Переосмыслению здесь подвергается и категория эпического, из которой устраняются последние следы Просвещения, позитивизма и вообще какой бы то ни было рефлексии. Праховым предполагается изначальное, подлинное, коллективное авторство эпоса. Его цель — «наивность» Гомера. Художник должен учиться у народа — коллективного Гомера. Это требование «наивности» с каким-то явно венециановским оттенком означает для художника необходимость поселиться в имении типа Сафонкова, проникнуться народным духом и народным пониманием красоты и, наконец, обратиться к народной культуре, к фольклору как источнику сюжетов. Это начало пути, ведущего к Репину «Проводов новобранца» и к Васнецову.

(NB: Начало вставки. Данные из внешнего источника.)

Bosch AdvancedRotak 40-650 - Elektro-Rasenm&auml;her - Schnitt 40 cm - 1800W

Подобная идеология позднего эстетического, близкого к славянофильству народничества возникает около 1875 года в Москве в мамонтовском кружке. Чуть позже именно здесь — под влиянием идей или по прямым заказам Мамонтова (скорее, чем под влиянием собственно Прахова) — будут созданы первые образцы нового сентиментализма и романтизма.

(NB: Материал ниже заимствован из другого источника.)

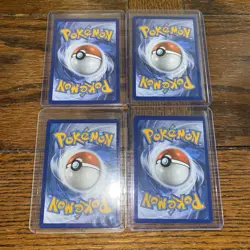 Surfing Pikachu & Flying Pikachu V & Vmax 4 Card Set Pokemon TCG Celebrations NM - Image 2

Правое народничество становится частью эстетики передвижников. Художники поколения Репина (Максимов, отчасти Савицкий) создают во второй половине 70-х первые этнографические идиллии из жизни русской деревни, в которых почти научный натурализм соединяется с категорией «наивного». Интересны сюжеты из деревенского быта, связанные с «двоеверием» (с миром местных колдунов и ведьм); это как бы первоначальное, естественное, простонародное язычество, существующее внутри официального христианства. Здесь нет ни антиклерикальных обличений, ни ламентаций по поводу народного невежества; скорее легкое умиление «наивностью» народной жизни или даже просто спокойствие, которое и позволяет говорить об идиллии. Для этих вещей характерна документальность описаний; их можно использовать как справочники. Может быть, именно излишняя натуралистическая точность, сухость и тщательность техники [617] препятствуют возникновению ощущения подлинной «наивности», «красоты» и «поэзии» и приводят скорее к анекдотизму в духе первого поколения передвижников.

617

«Типичный семидесятник, сухой по живописи, трезвый по характеристикам, точный по обстановочности» — сказано не про Максимова, но про семидесятников в целом (Эфрос А. М. Два века русского искусства. М., 1969. С. 224).